Una vez pacificadas las ciudades griegas de Asia el imperio Aqueménida podría disponer de nuevo de sus recursos militares, tanto de fuerzas terrestres como, mucho más importante para Darío, de sus importantes recursos navales. En los años siguientes los persas iniciarán un camino que los conducirá hasta la llanura de Maratón a finales del verano de 490 a. C. Darío se cobraría cumplida venganza con los eretrios; y es que a los persas les interesaba jugar la carta de la venganza que, además, siempre resulta un motivo mas aceptable para justificar un ataque: después de cruzar el Egeo, en el año 490 a.C., su primera parada fue Eretria, devolviéndoles así su visita de unos años antes a Sardes. Las tropas persas incendiaron los templos, saquearon la ciudad a conciencia y esclavizaron a todos sus habitantes. También de los atenienses; tras arrasar Eretria, sus tropas desembarcaron en Maratón, en el nordeste del Ática. Nadie podía predecir la victoria de Atenas, asistida por Platea y los persas deberán esperar hasta el 480 a.C, cuando Jerjes, hijo y heredero de Darío, arrasará, después de su saqueo, la propia Atenas.

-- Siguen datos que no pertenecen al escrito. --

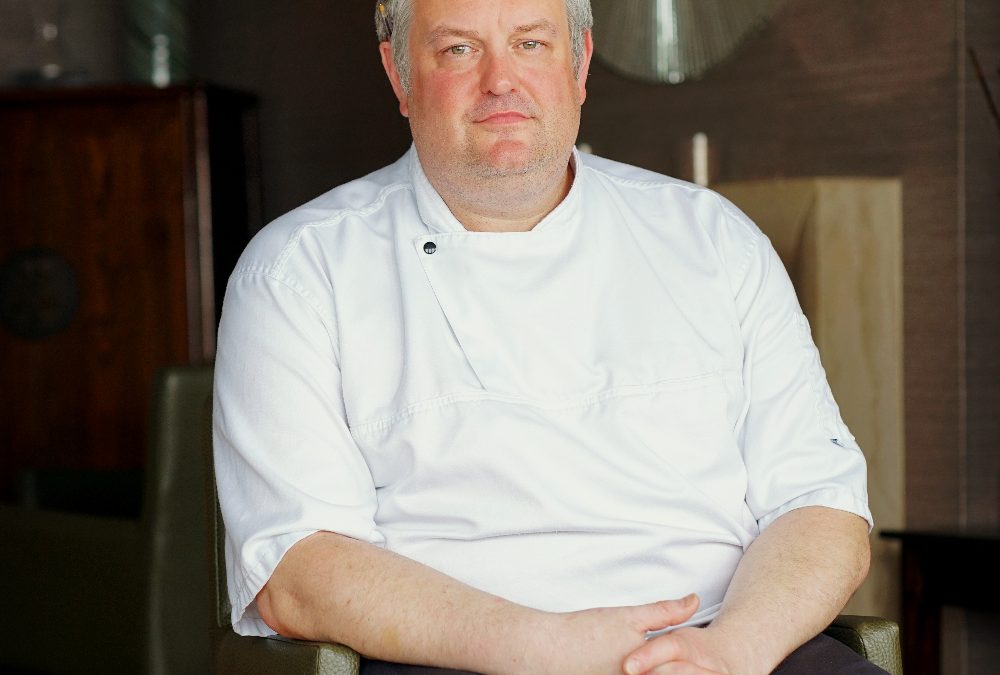 Meet the Chef – Matt Tomkinson, The Hambrough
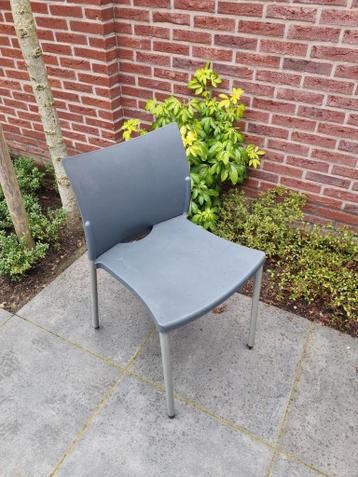 Bijzet stoelen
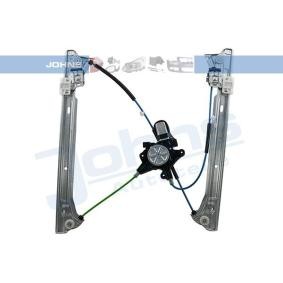 Acquista Alzacristallo da JOHNS 50 42 41-25 a buon mercato per soli 93,98 €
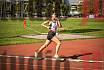 Fotos de los 1500 m de mujeres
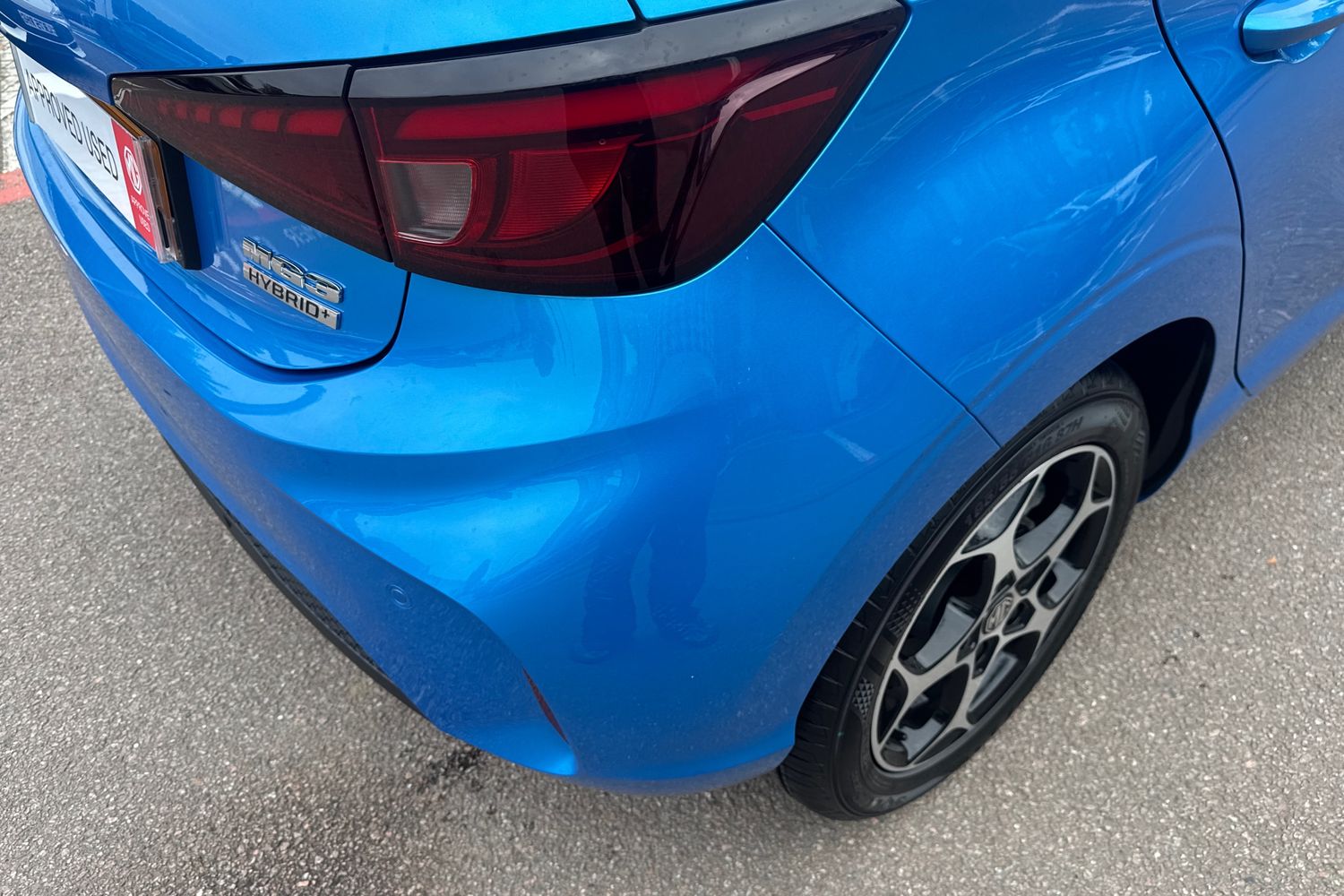 Used MG MG3 2025 for sale - 76871638: Photo 31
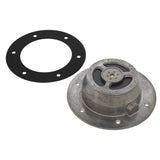 Meritor Auto Inflation Axle Hub Caps - Roll Off Truck, Roll Off Trailer, Dump & Lugger Truck Parts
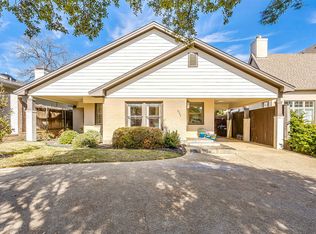 4724 Lafayette Ave, Fort Worth, TX 76107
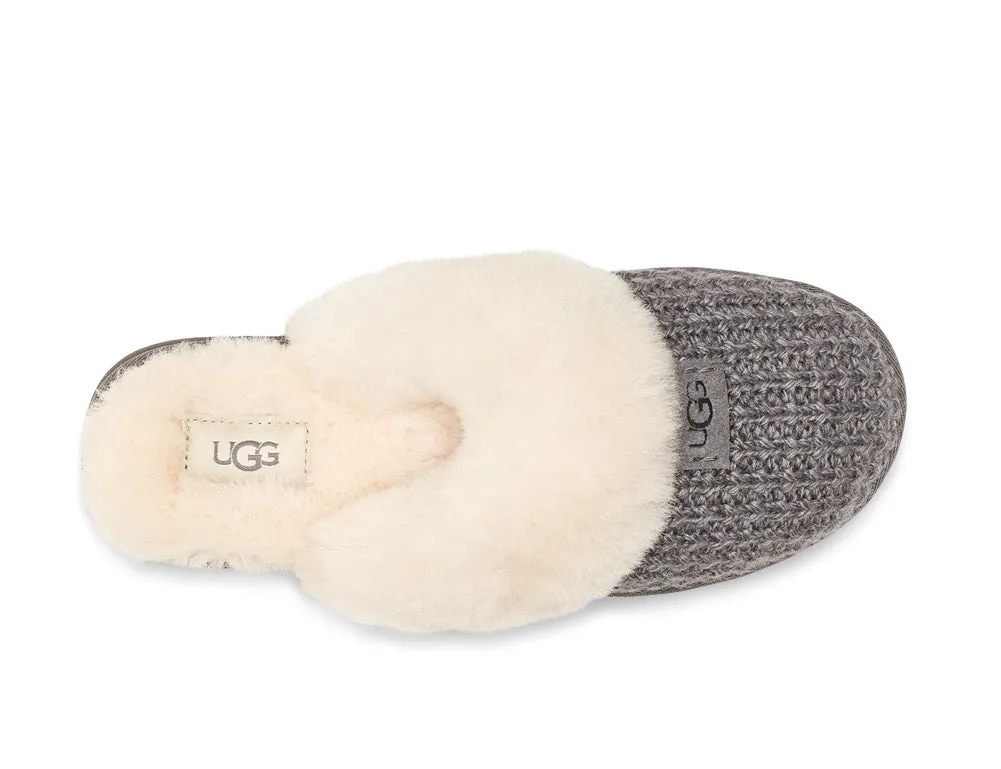 Cozy in Charcoal by UGG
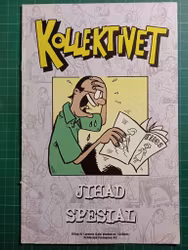 Kollektivet jihad spesial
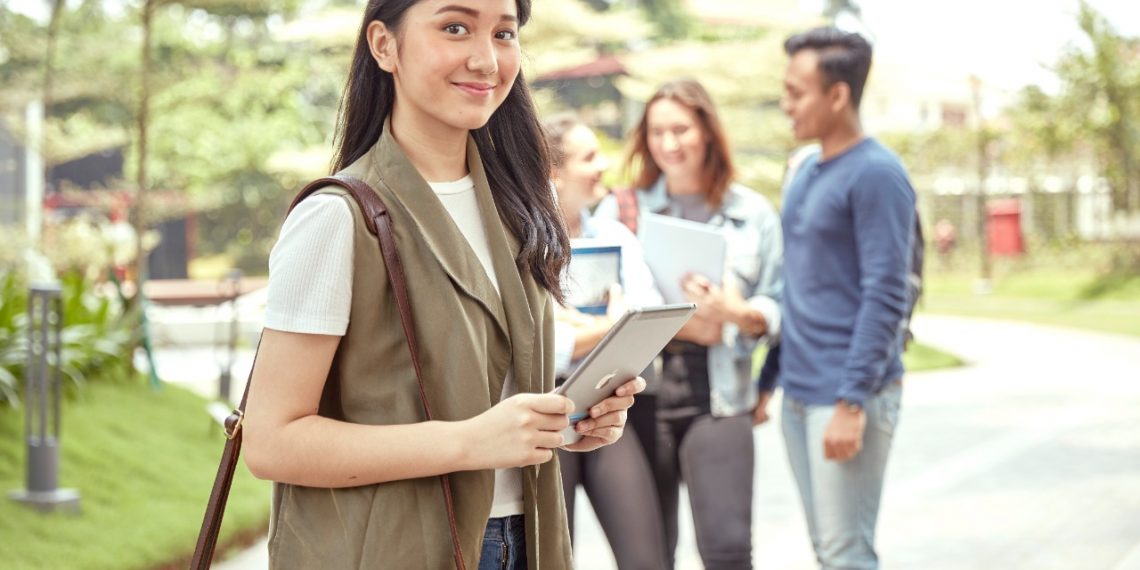 Sampoerna Schools System Bekerjasama Dengan SGS Untuk Peningkatan Protokol Kesehatan dan Desinfektan Terkait Dengan Pencegahan Covid-19 di Area Sekolah dan Kampus Sampoerna Academy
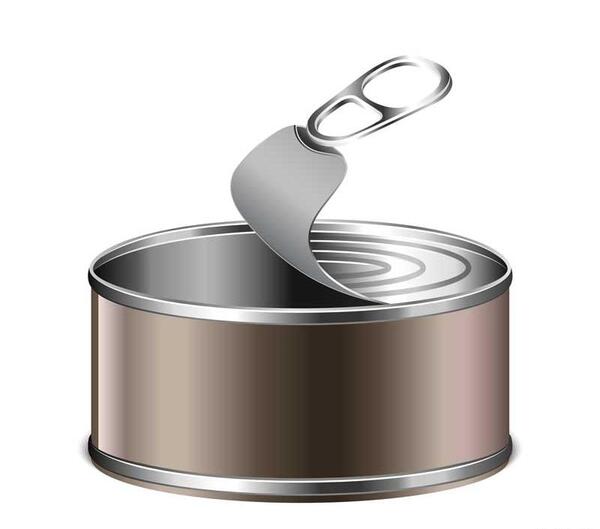 عکس انواع قوطی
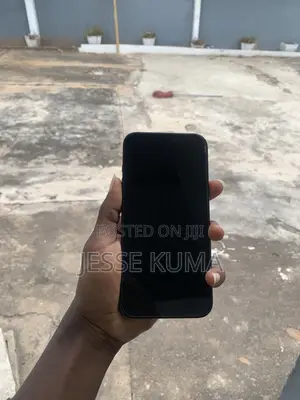 Apple iPhone 16 Plus 128GB Black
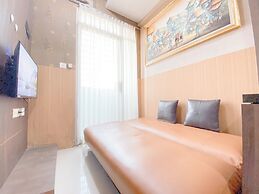 Scenic 2Br At The Edge Bandung Apartment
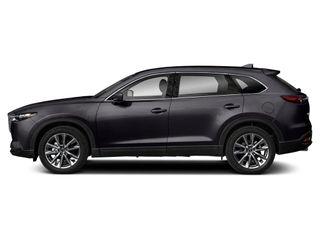 2021 Mazda CX-9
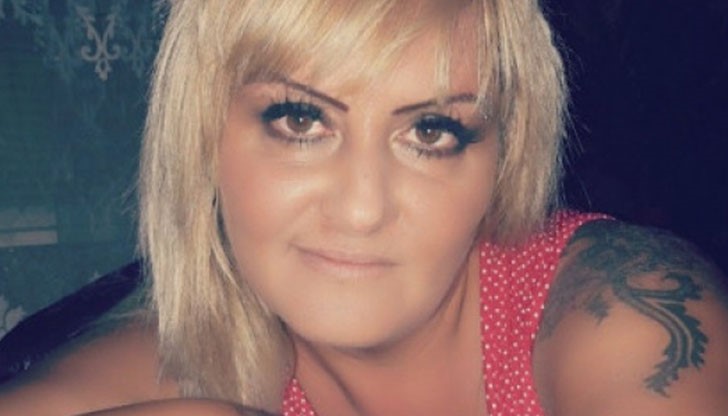 Ваня Иванова твърди, че потърпевшата й е забила юмрук в лицето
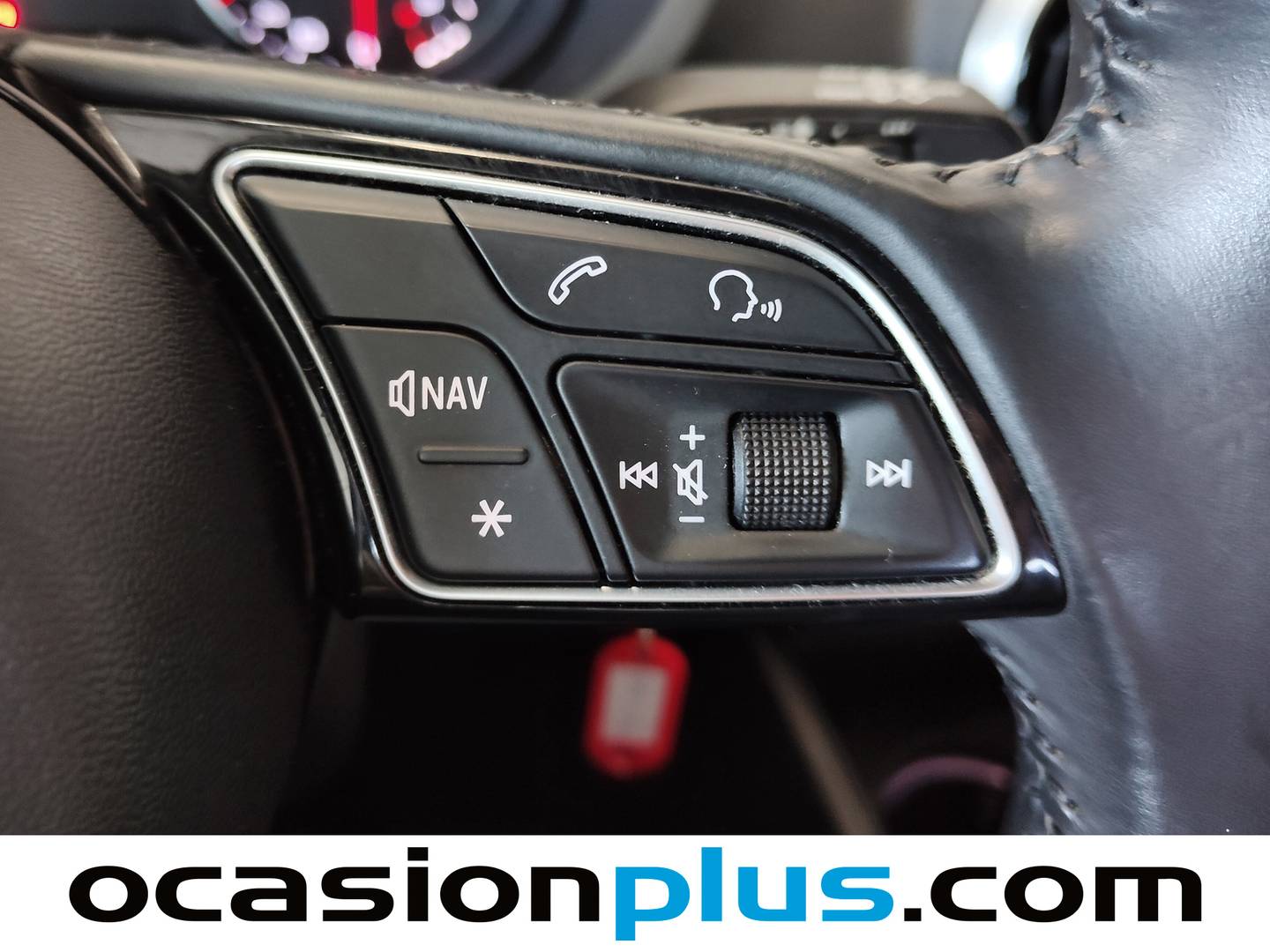 Acabados Audi A3 Audi A3 Sportback 1.6 TDI (110 CV)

La derrota de los jonios significó, además de una nueva oleada migratoria, esta vez hacia Grecia de aquellos que huían de la represión persa, el final de la independencia política de la Grecia del Este. Aunque los persas tomaron algunas medidas económicas y políticas para evitar en lo futuro otra revuelta similar, la derrota de Lade y el terrible destino de Mileto marcaron el brusco final de una de las regiones que con más brillantez habían destacado durante el período Arcaico. Los persas entraron en Mileto y la incendiaron, pero trataron a las otras ciudades griegas con relativa clemencia. El poder y la prosperidad de Mileto fueron destruidos para siempre y la ciudad nunca volvió a recuperar su antigua posición.